= Beginning of Section =

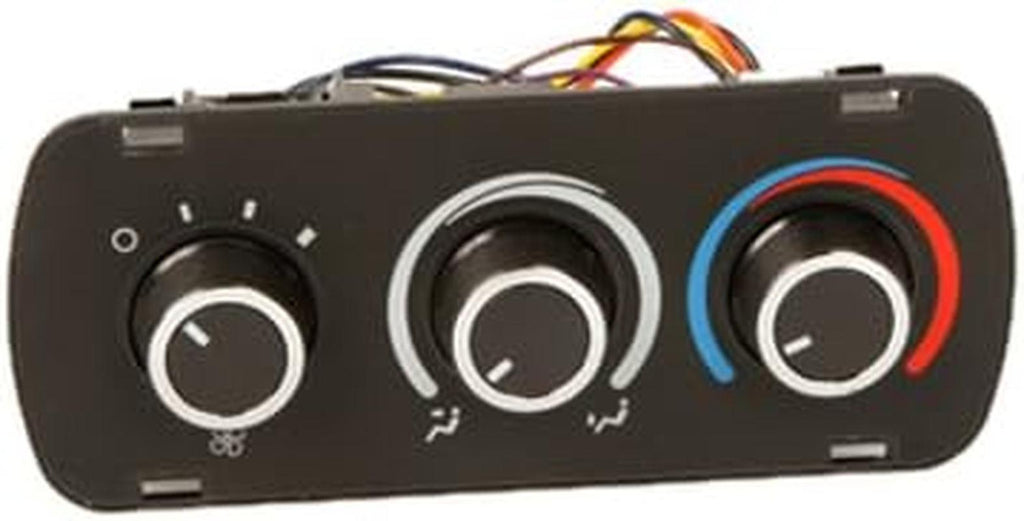 15-73854 GM Original Equipment Auxiliary Heating and Air Conditioning Control Panel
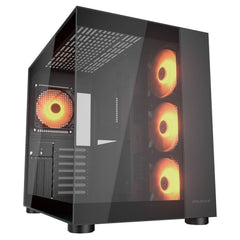 GABINETE COUGAR FV150 RGB BLACK CGR-5KA1B-RGB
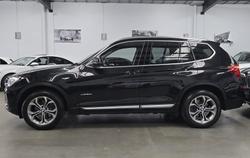 2014 BMW X3 xDrive20d F25 LCI 4X4 Constant Black Sapphire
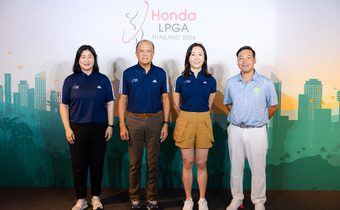 โปรกอล์ฟระดับโลกร่วมระเบิดศึก “ฮอนด้า แอลพีจีเอ ไทยแลนด์ 2024”
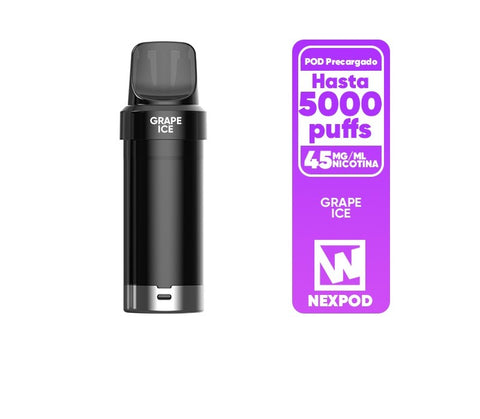Recarga Wotofo 5000 Grape Ice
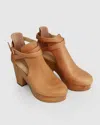Belle & Bloom Fearless Clog Ankle Boot - Tan In Brown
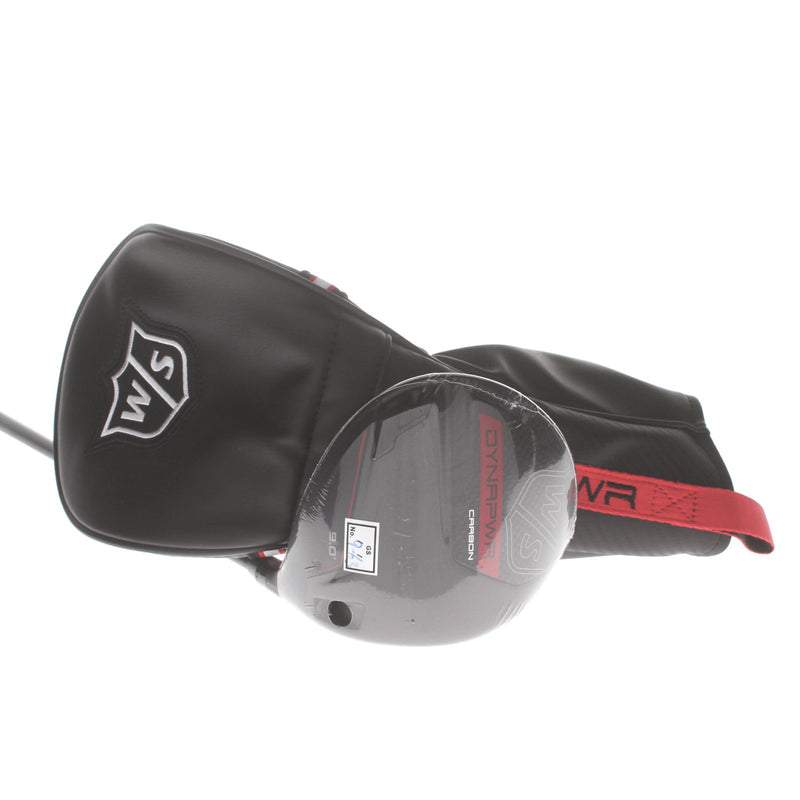 Wilson Dynapower Carbon Graphite Mens Right Hand Driver 9* Stiff - Helium 5F4
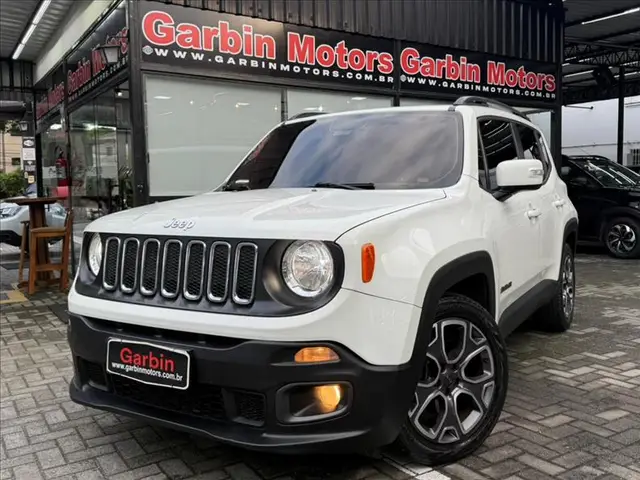 Carro Jeep Renegade 2016 Longitude 1.8 4x2 (Aut) (Flex)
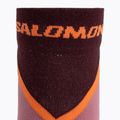Skarpety Salomon Pulse Ankle dusky orchid/huckleberry/dragon fire 3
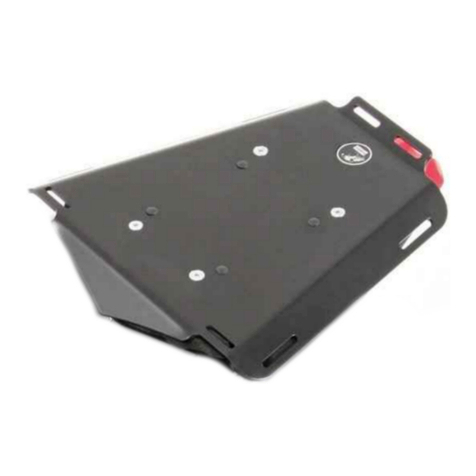 hepco & becker Sportrack 6707545 00 01 User manual hepco & becker Sportrack 6707545 00 01 User manual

= End of Section =

■ **TASK TO COMPLETE**
Copy out all the data above exactly, minus the images.

■ **RESPONSE FOR THIS EXERCISE**
 15-73854 GM Original Equipment Auxiliary Heating and Air Conditioning Control Panel
 GABINETE COUGAR FV150 RGB BLACK CGR-5KA1B-RGB
 2014 BMW X3 xDrive20d F25 LCI 4X4 Constant Black Sapphire
 โปรกอล์ฟระดับโลกร่วมระเบิดศึก “ฮอนด้า แอลพีจีเอ ไทยแลนด์ 2024”
Recarga Wotofo 5000 Grape Ice
Belle & Bloom Fearless Clog Ankle Boot - Tan In Brown
 Wilson Dynapower Carbon Graphite Mens Right Hand Driver 9* Stiff - Helium 5F4
 Carro Jeep Renegade 2016 Longitude 1.8 4x2 (Aut) (Flex)
Skarpety Salomon Pulse Ankle dusky orchid/huckleberry/dragon fire 3
 hepco & becker Sportrack 6707545 00 01 User manual hepco & becker Sportrack 6707545 00 01 User manual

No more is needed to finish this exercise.